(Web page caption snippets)

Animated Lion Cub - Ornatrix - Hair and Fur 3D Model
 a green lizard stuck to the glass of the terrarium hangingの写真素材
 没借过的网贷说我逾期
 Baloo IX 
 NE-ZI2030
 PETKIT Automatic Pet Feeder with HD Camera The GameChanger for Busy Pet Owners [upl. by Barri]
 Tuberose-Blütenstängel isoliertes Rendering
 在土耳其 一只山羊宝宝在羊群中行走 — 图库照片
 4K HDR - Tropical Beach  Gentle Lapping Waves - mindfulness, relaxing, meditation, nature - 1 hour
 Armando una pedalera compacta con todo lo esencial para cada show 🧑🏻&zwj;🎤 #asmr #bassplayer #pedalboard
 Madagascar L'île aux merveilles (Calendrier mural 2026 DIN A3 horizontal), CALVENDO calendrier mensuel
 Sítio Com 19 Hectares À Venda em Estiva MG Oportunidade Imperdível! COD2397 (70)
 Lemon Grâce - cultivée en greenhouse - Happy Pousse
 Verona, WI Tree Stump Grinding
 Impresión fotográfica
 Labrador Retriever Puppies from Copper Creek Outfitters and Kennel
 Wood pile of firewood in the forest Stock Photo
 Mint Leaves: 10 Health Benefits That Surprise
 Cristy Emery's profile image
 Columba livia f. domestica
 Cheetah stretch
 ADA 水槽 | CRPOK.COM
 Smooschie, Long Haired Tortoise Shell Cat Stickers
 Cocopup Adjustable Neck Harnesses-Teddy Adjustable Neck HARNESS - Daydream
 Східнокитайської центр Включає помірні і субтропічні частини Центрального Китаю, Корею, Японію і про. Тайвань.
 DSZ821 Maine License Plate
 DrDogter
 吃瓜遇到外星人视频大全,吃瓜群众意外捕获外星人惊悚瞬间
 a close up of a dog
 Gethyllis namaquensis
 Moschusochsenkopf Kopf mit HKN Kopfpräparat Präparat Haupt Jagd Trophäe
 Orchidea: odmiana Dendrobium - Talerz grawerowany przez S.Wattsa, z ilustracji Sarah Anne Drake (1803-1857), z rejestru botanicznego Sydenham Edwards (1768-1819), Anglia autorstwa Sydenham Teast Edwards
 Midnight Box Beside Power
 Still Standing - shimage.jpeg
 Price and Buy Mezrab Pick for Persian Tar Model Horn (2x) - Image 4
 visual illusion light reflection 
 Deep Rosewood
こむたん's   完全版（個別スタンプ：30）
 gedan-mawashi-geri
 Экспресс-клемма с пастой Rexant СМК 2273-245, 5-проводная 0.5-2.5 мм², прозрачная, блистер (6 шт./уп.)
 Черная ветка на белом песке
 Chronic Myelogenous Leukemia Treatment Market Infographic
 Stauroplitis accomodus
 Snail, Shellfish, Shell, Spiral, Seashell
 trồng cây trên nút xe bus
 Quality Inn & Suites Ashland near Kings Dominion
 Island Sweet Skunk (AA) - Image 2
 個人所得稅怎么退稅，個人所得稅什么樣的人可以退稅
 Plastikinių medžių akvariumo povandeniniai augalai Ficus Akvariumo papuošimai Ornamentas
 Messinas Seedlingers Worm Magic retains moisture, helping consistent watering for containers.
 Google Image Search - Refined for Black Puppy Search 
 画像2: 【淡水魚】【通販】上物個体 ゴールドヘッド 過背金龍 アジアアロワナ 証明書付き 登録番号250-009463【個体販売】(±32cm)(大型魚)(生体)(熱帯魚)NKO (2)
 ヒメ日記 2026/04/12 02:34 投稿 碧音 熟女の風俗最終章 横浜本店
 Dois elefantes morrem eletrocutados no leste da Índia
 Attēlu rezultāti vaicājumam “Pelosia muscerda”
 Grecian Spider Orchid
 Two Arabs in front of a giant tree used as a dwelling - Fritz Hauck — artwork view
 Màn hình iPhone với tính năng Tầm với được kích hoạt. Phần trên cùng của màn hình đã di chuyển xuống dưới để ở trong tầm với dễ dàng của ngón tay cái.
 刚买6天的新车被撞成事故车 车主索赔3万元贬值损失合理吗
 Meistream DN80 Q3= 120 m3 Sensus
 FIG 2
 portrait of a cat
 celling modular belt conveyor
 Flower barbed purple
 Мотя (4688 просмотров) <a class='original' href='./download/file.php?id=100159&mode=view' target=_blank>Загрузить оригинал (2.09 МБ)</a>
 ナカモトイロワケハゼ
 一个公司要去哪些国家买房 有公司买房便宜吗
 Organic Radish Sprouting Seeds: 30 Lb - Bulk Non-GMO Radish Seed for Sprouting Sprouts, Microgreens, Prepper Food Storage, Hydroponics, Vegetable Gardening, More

__EXERCISE DIRECTIONS__
If a line in the entries above contains the word "trên", copy it.

__RESULT__
 trồng cây trên nút xe bus
 Màn hình iPhone với tính năng Tầm với được kích hoạt. Phần trên cùng của màn hình đã di chuyển xuống dưới để ở trong tầm với dễ dàng của ngón tay cái.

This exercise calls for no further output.